Seven months ago, Rafael Benitez wept with joy at his unveiling as the new head coach of Real Madrid. This was a club that, even during his days on Merseyside, the madrileño was desperate to manage. He would be forgiven if, today, he wonders what he ever saw in his boyhood team.
Today Benitez was sacked after less than half a season in charge, being replaced by former France and Real great Zinedine Zidane who been in charge of the B team. Real president Florentino Perez announced Benitez's dismissal, who had a contract until June 2018, following a board meeting, with Zidane present at the news conference at the Bernabeu stadium.
Benitez will be understandably upset that it has ended in this way. He was better qualified to take the reins at the Santiago Bernabeu than most of those who did during the latter part of the last decade. While at Liverpool, despite his own and team’s limitations, he reached some remarkable heights and established himself as one of the continent’s most effective coaches.
Florentino Perez, the man who relieved him of his duties today, claims to have offered the 55-year-old the job in 2009, only to be spurned because of the affection he had for Liverpool. That he would leave Anfield less than a year later, with his favoured job sewn up by bitter rival Jose Mourinho, surely still hurts him to this day.
Not as much, though, as this dismissal will. "I'm returning home," Benitez told the media at his unveiling. "It's a unique opportunity. This is a difficult moment because I simply don't know how to describe the emotion."
"With work, commitment, I have a good work team, I hope it will go well, we will win," he added, through a sizeable lump in his throat.

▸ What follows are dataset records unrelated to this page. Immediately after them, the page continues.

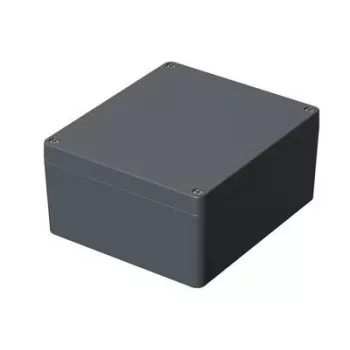 BOPLA Universalus korpusas Aliuminis Sidabriškai pilkas (RAL 7001) 200 x 230 x 111 mm IP66 01140000.MT1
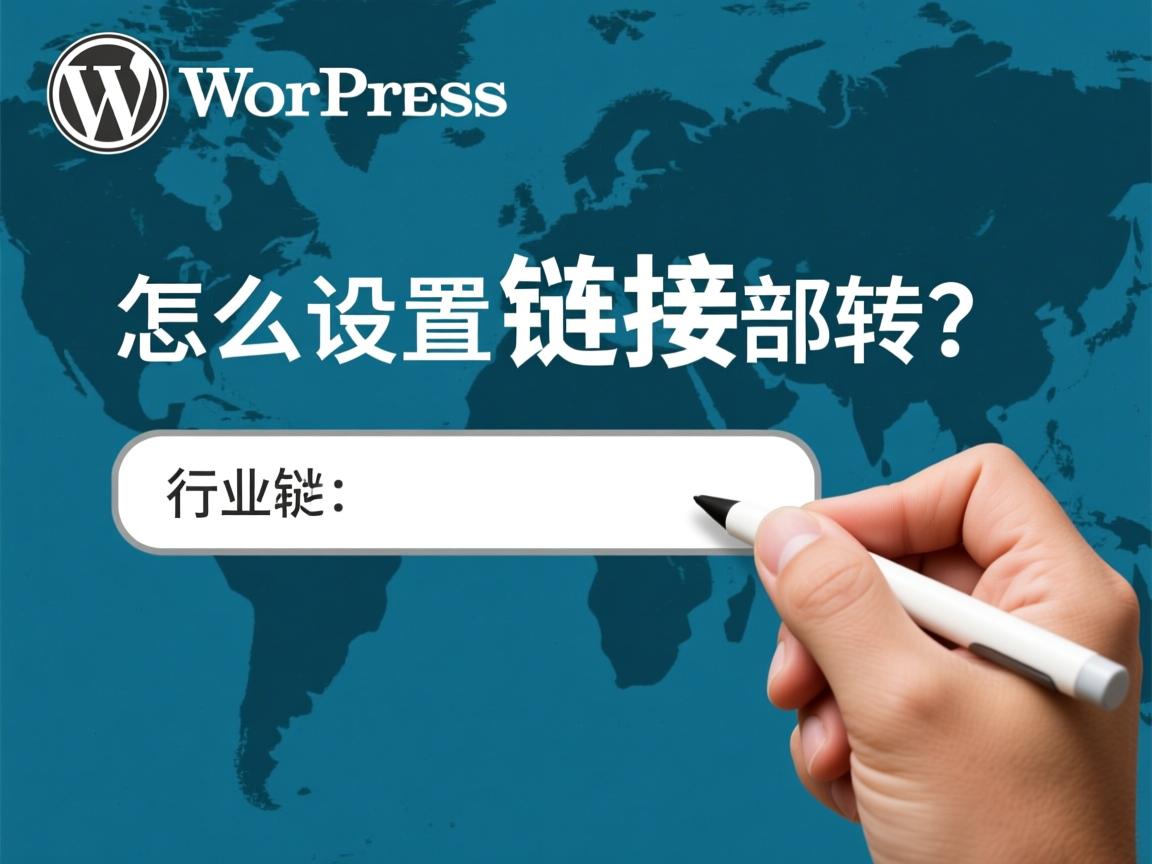 WordPress怎么设置外部链接跳转?  第2张 WordPress怎么设置外部链接跳转?  第2张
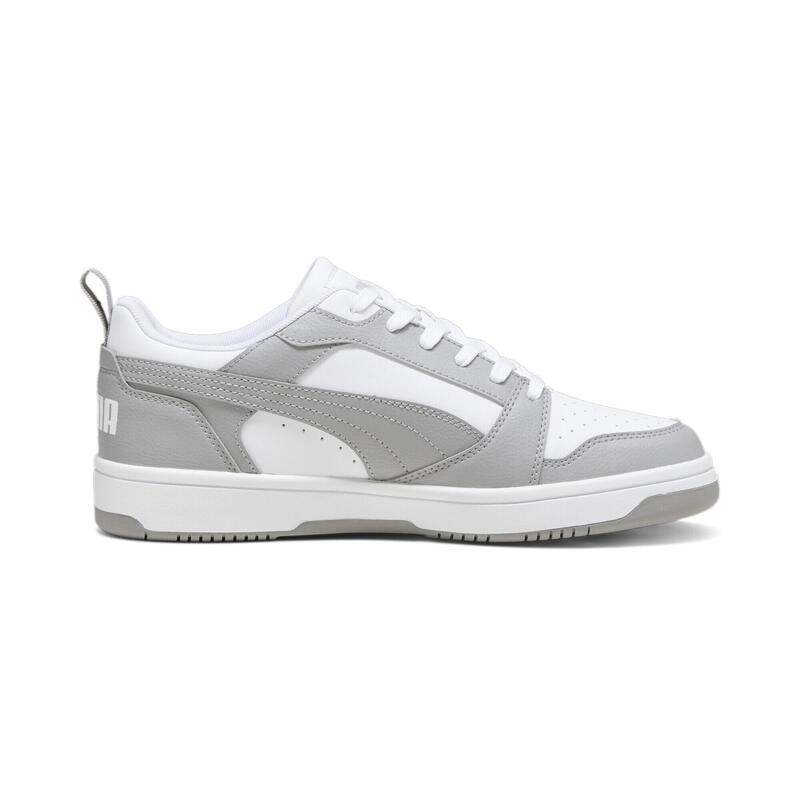 Sneakers Rebound V6 Low PUMA White Concrete Gray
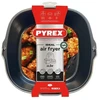 Pyrex Metal baking dish for deep fryer 22x21xh7.5cm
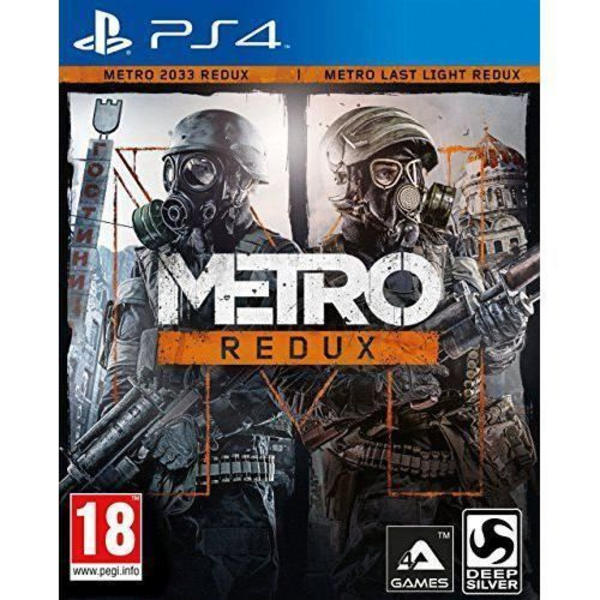 Videopeli - Deep Silver - Metro Redux - PS4 - Tuonti UK - 1-2 pelaajaa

"It's an exciting day. I've returned home. I'm already excited. I want to win trophies and for the team to play well, and I'm thankful for the trust placed in me."
That trust has expired. Real Madrid is a club obsessed by reputation and in the latter half of the 2000s, Benitez’s appointment did not quite ‘click’ in the way that it did last summer, with few other viable candidates around and despite the Spaniard’s relatively poor record since leaving Anfield.
Real Madrid is also a club that demands near-perfection, one where the margins between gainful employment and being bounced back onto the breadline are fine.
It could be argued that any manager who had drawn five and lost three in 25 games, including a heavy defeat in El Clasico, would have been shown the door. To sit in third place come the new year, too, is not up to standard. Those are the breaks at the Bernabeu.
It is, however, also true that no other manager would take this as hard as Rafael Benitez.